Qualitative analyses consistently show that grounded generation yields not only more diverse but more informative and content-rich questions, including for less frequent or more challenging question types.
5. Adaptation to Text-Only, Document-Grounded Settings
The structured principles of visual question generation are directly applicable to text-based document-grounded question generation, with several adaptations:
- Region segmentation becomes passage segmentation: Documents are divided into sentences or contextually coherent spans.
- Visual features are substituted with contextual text embeddings: Transformer encoders (BERT, RoBERTa) provide feature vectors for passages.
- Latent alignment methods (e.g., kernel density estimation): These can be used to probabilistically associate generated questions with possible answer spans or salient content when gold alignments are not annotated.
- Probabilistic diversity and coverage: Instead of defaulting to majority question types, the system samples multiple highly probable types per segment, leading to richer and more challenging question sets.
For text, the challenge shifts toward robust passage scoring, anchoring questions to specific entities or events within a longer discourse, and ensuring that generated questions are linked to answerable spans or salient claims.

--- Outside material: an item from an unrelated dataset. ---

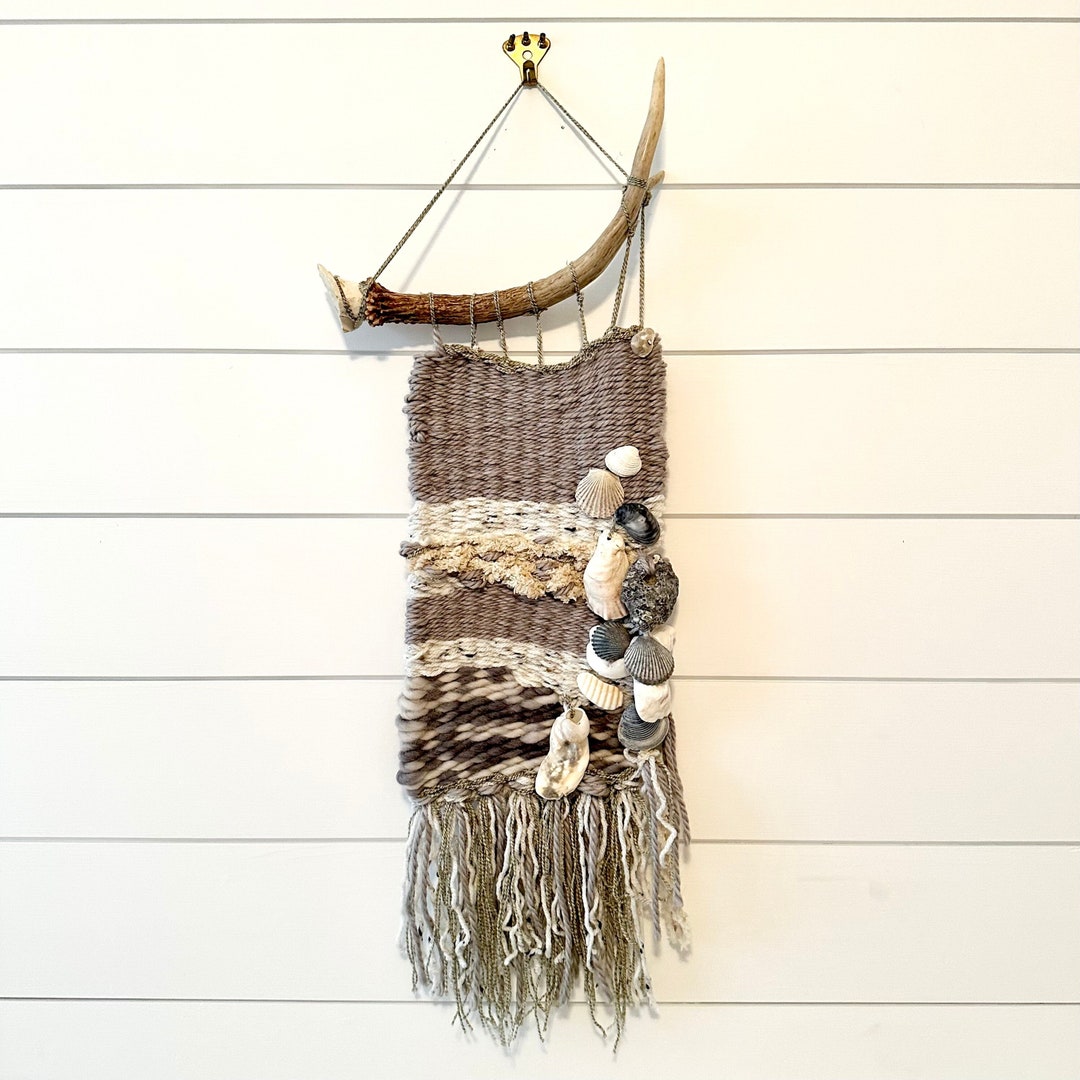 Woven Textile Wall Hanging Shells Antler Etsy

6. Applications and Broader Implications
Document-grounded question generation models have direct impact on several applications:
- Data augmentation for QA and reading comprehension systems: Automatically generated diverse questions enable creation of larger, more varied training sets, improving system robustness and reducing annotation overhead.

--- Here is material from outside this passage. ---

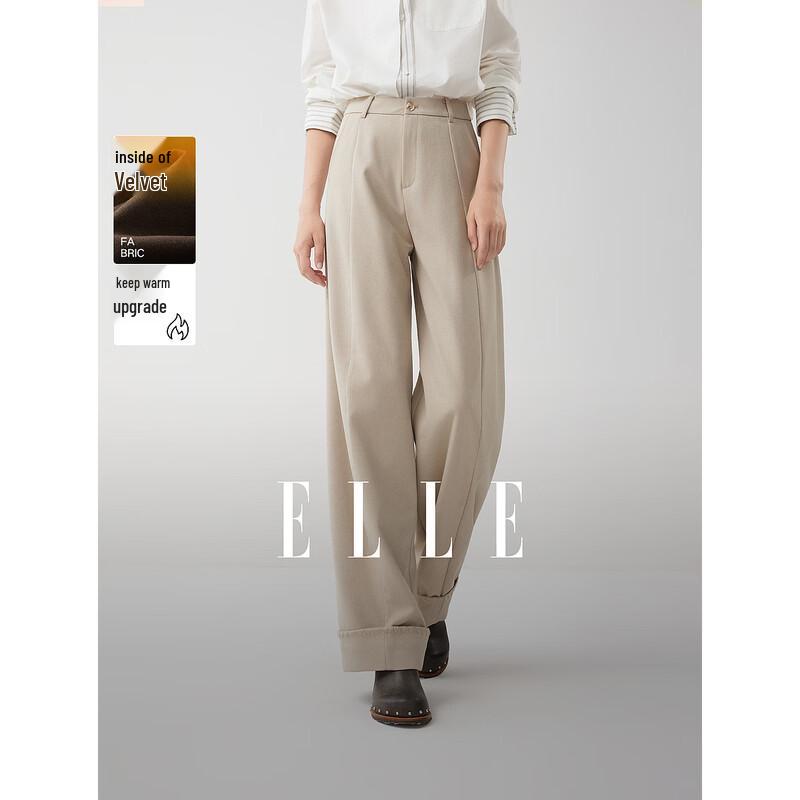 ELLE Women s Modern High-Waist Straight Leg Casual Pants L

- Conversational and educational agents: By generating dynamic, content-anchored questions, such systems can facilitate more engaging dialog and adaptive assessment scenarios.
- Interactive multi-turn QA and dialog: Document-grounded QG frameworks provide foundational primitives for agents that maintain dialog state and coherence when questioning about documents.

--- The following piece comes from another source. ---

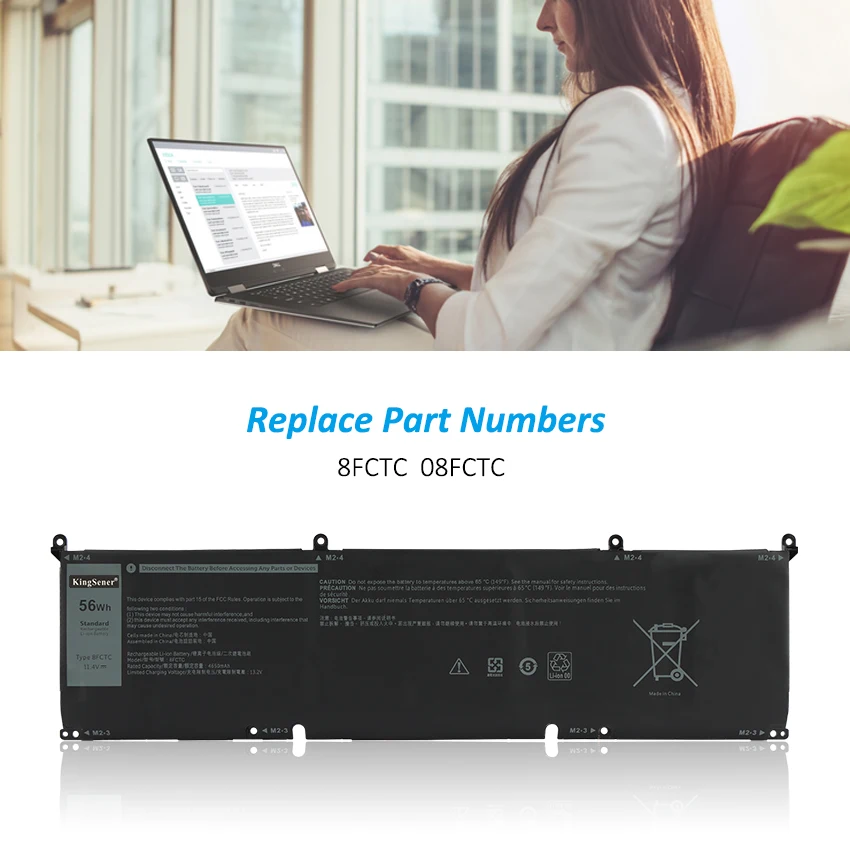 Células Bateria para Dell Dell G15 5510 5511 5520 5515 5521 Series Dell Xps 15 9500 g7 15 7500 11.4v 56wh Kingsener8 - Imagem 2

- General-purpose document exploration tools: The approach supports extraction of explicit as well as inferential questions, offering end-users methods for self-paper or critical reading.
7. Summary Table: Core Components and Textual Adaptation
Component | Visual QG (Paper) | Document-Grounded QG (Text) |
---|---|---|
Region Segmentation | DenseCap image regions | Document passage segmentation |
Feature Embedding | VGG-16 + LSTM | Transformer/BERT embeddings |
Caption Modeling | DenseCap region captions | Extracted passage/sentence text |
Question Type Selector | LSTM + Softmax | LSTM/Transformer + Softmax |
Question Decoder | LSTM + Bigram LM | LSTM/Transformer + n-gram LM |
Diversity Mechanism | Probabilistic sampling | Diversity via passage/type mixing |
Alignment | Kernel density estimation | Kernel density on text similarity |
Conclusion
The document-grounded question generation paradigm, exemplified by Zhang et al.'s probabilistic, modular framework, establishes a robust, extensible methodology for grounding natural language questions in structured as well as unstructured documents. The approach's explicit modeling of content segmentation, question-type conditioning, and joint decoding is directly transferable to the text domain, facilitating both high coverage and diversity. These models offer substantial advantages for data augmentation, interactive educational tools, and dialogue agents, defining a clear path for the scalable, automated generation of high-quality, document-centric question sets with minimal manual supervision.